[Opening Entries shown section]
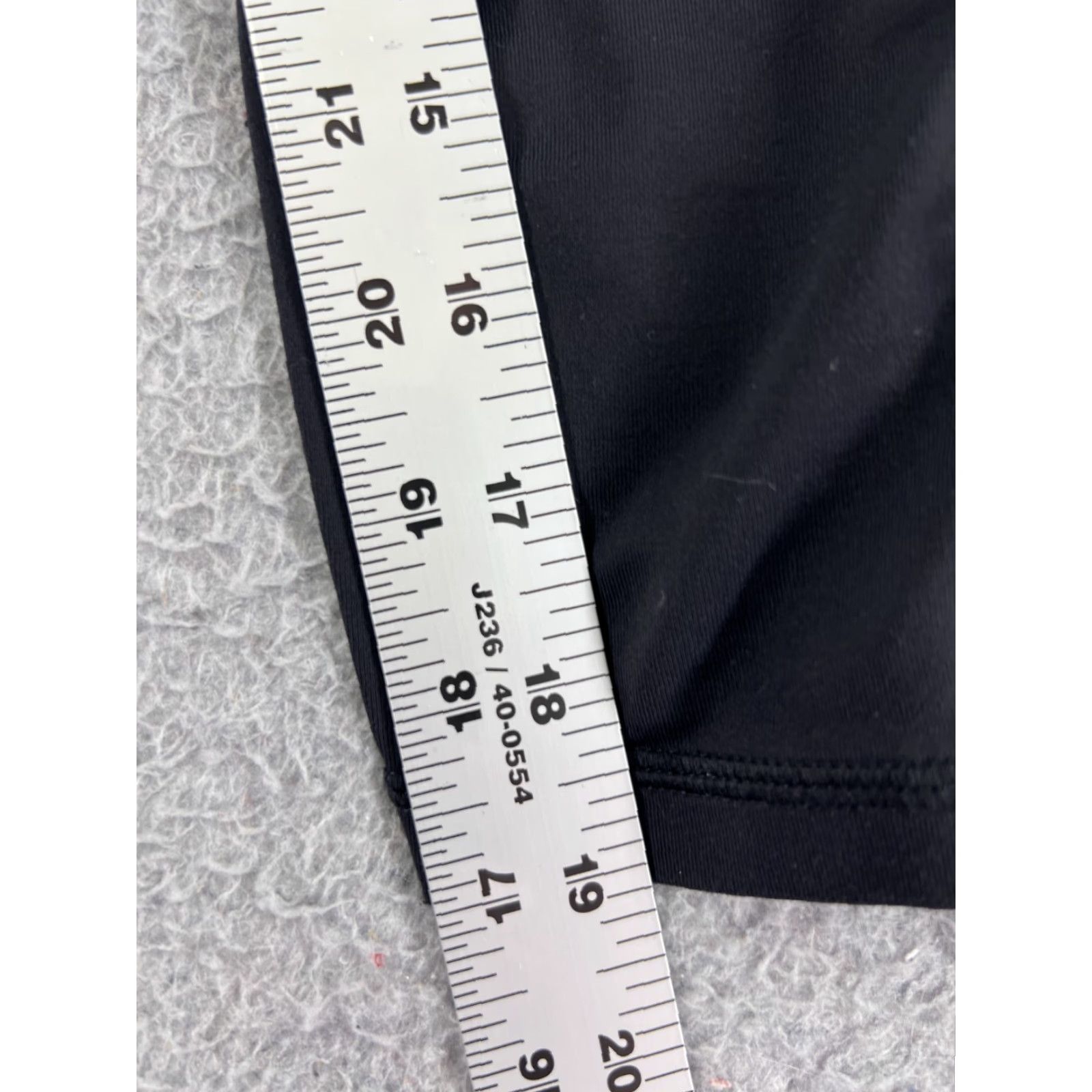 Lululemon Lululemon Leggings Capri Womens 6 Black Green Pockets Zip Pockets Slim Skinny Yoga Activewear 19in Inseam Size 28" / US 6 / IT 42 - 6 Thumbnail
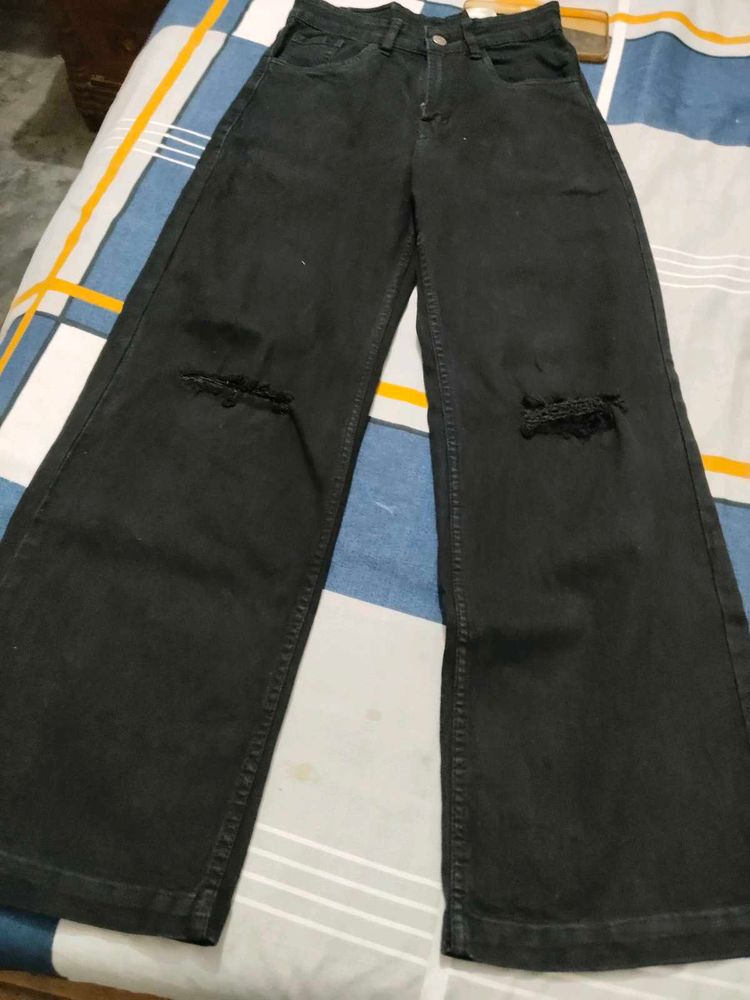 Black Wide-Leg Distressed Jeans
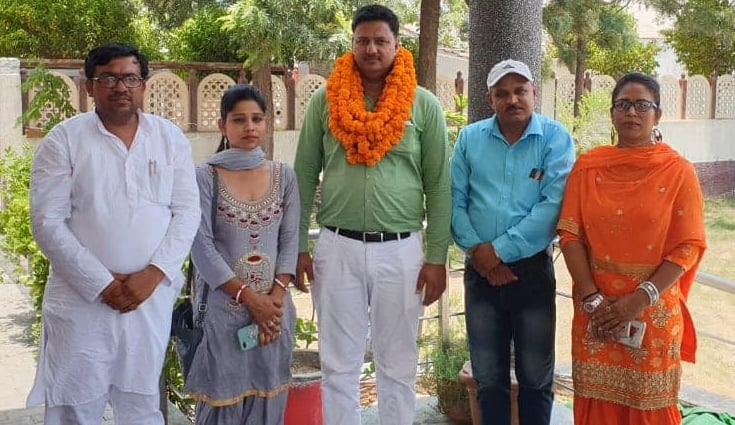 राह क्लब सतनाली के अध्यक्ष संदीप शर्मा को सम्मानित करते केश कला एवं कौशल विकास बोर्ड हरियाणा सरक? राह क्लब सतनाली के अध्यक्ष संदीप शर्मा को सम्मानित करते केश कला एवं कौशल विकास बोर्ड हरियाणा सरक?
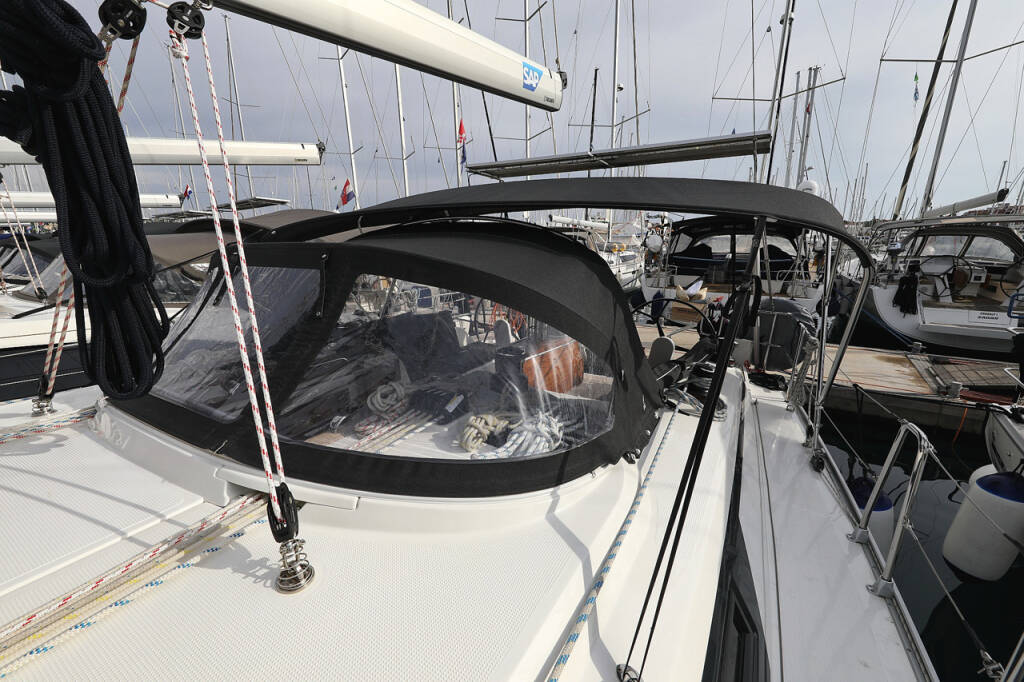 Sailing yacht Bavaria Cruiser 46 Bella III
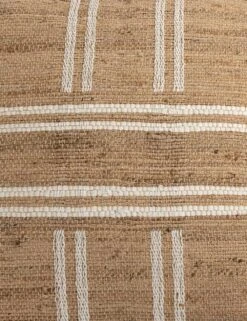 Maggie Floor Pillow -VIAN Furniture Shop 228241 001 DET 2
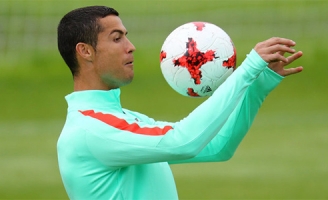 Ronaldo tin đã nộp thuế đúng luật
[Closing Entries shown section]
[Opening Entries shown section]
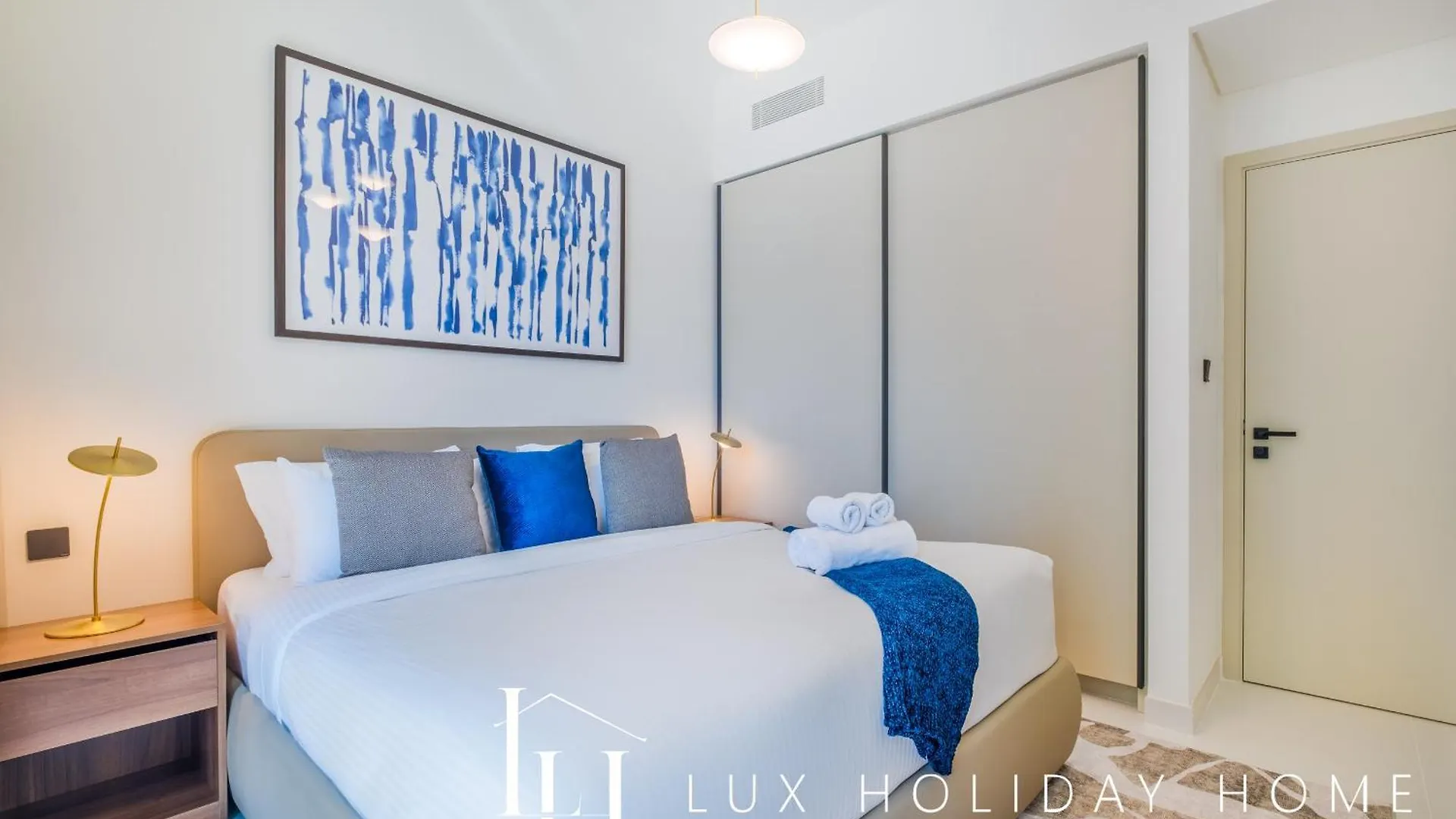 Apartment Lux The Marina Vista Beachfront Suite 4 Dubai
[Closing Entries shown section]
Reproduce the data above exactly, but only the lines from the one showing "Lululemon Lululemon Leggings" through the one showing "Ronaldo tin đã nộp thuế đúng luật", with both ends kept and the pictures left out.

**Result for this exercise**:
 Lululemon Lululemon Leggings Capri Womens 6 Black Green Pockets Zip Pockets Slim Skinny Yoga Activewear 19in Inseam Size 28" / US 6 / IT 42 - 6 Thumbnail
 Black Wide-Leg Distressed Jeans
 राह क्लब सतनाली के अध्यक्ष संदीप शर्मा को सम्मानित करते केश कला एवं कौशल विकास बोर्ड हरियाणा सरक? राह क्लब सतनाली के अध्यक्ष संदीप शर्मा को सम्मानित करते केश कला एवं कौशल विकास बोर्ड हरियाणा सरक?
 Sailing yacht Bavaria Cruiser 46 Bella III
 Maggie Floor Pillow -VIAN Furniture Shop 228241 001 DET 2
 Ronaldo tin đã nộp thuế đúng luật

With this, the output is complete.